(Excerpts from a dataset)
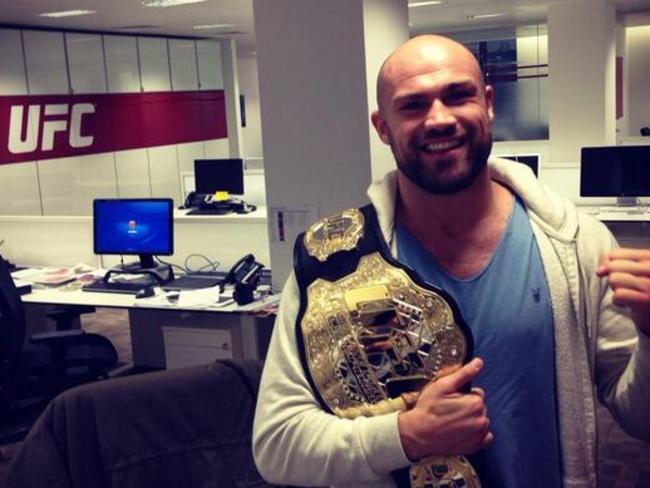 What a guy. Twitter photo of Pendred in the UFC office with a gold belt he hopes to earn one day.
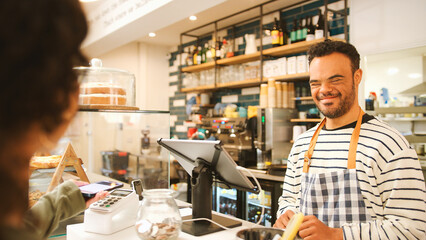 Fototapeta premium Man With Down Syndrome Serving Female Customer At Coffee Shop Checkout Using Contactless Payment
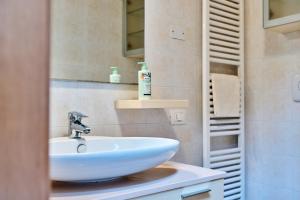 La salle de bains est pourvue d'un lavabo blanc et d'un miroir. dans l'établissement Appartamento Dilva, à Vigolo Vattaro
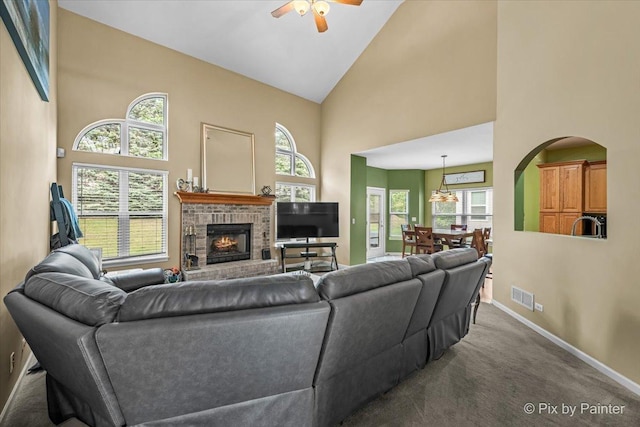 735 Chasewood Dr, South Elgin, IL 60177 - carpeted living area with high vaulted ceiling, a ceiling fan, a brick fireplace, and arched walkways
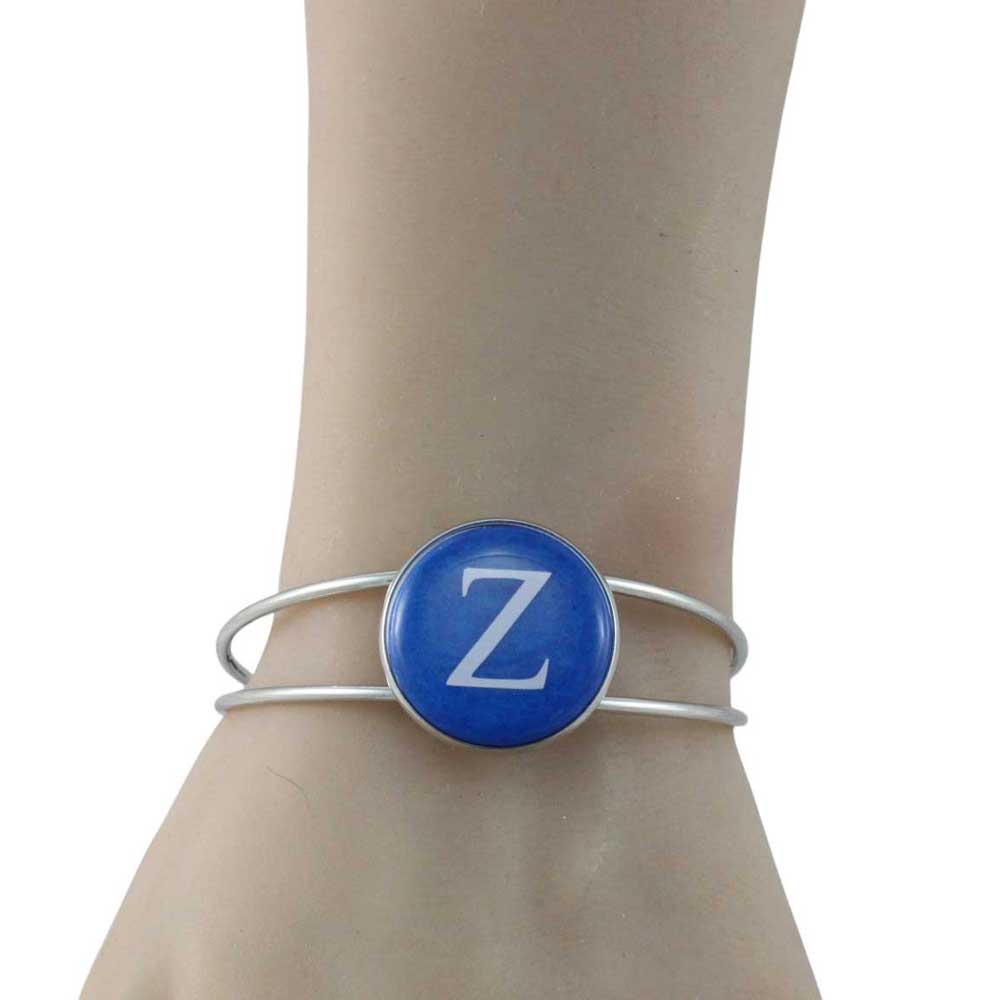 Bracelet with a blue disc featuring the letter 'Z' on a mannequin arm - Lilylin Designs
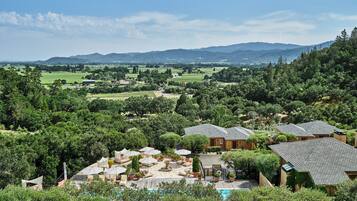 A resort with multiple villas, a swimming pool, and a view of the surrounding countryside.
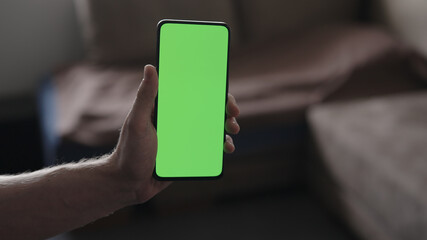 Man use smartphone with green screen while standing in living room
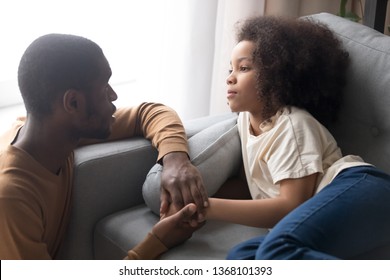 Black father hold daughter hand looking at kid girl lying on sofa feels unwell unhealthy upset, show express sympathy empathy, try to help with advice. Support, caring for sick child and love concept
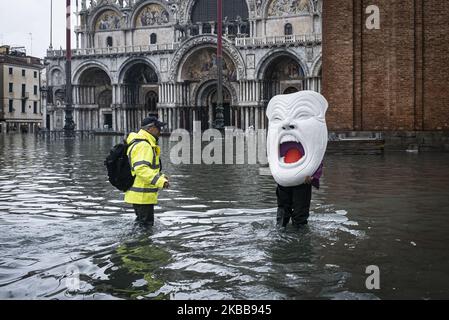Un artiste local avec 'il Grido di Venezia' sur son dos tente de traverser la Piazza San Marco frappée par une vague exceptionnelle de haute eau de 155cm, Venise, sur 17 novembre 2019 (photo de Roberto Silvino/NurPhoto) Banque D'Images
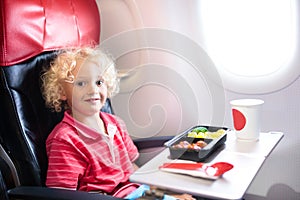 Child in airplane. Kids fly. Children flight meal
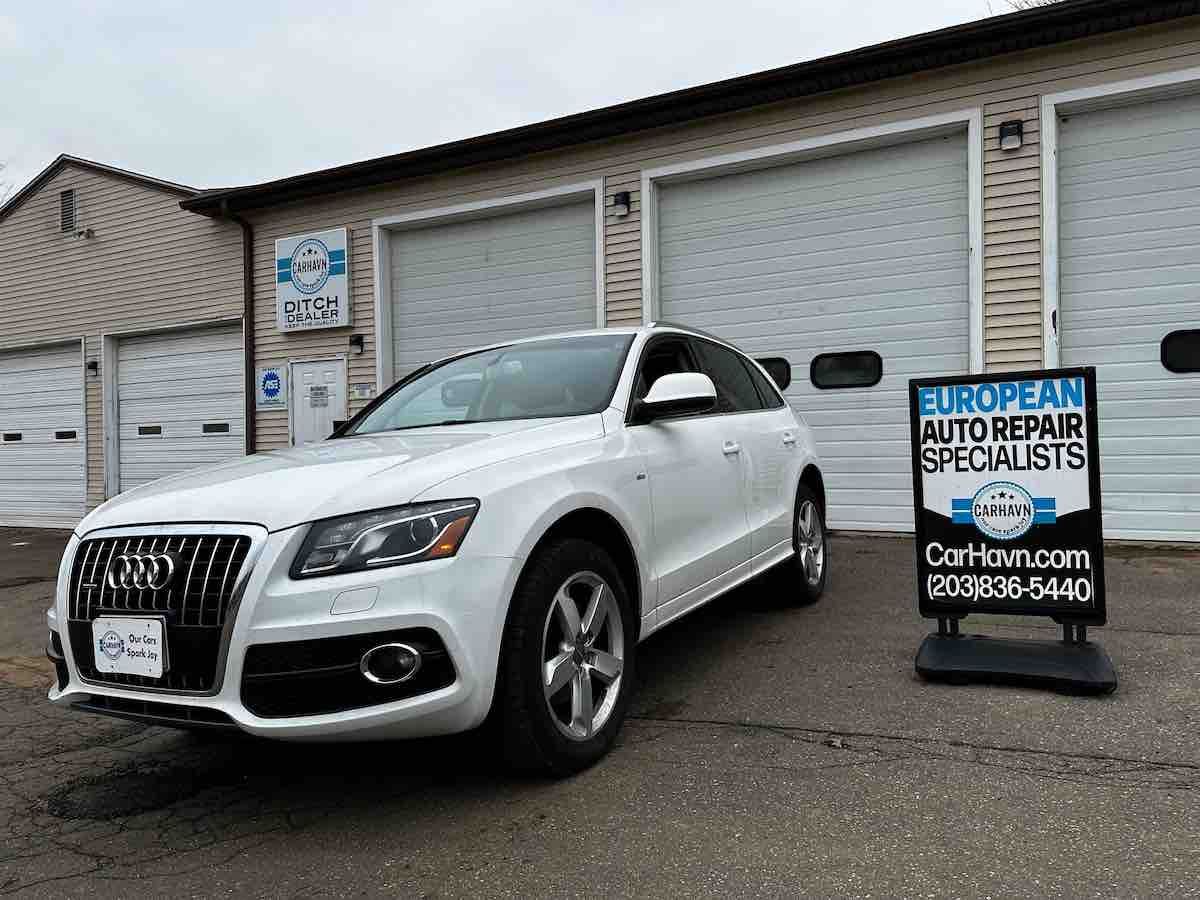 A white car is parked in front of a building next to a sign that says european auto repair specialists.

## Brief:
Write out again exactly the lines from the start of the data above through the line containing "La salle de", inclusive, excluding any pictures.

## Expected answer:
 What a guy. Twitter photo of Pendred in the UFC office with a gold belt he hopes to earn one day.
 Fototapeta premium Man With Down Syndrome Serving Female Customer At Coffee Shop Checkout Using Contactless Payment
 La salle de bains est pourvue d'un lavabo blanc et d'un miroir. dans l'établissement Appartamento Dilva, à Vigolo Vattaro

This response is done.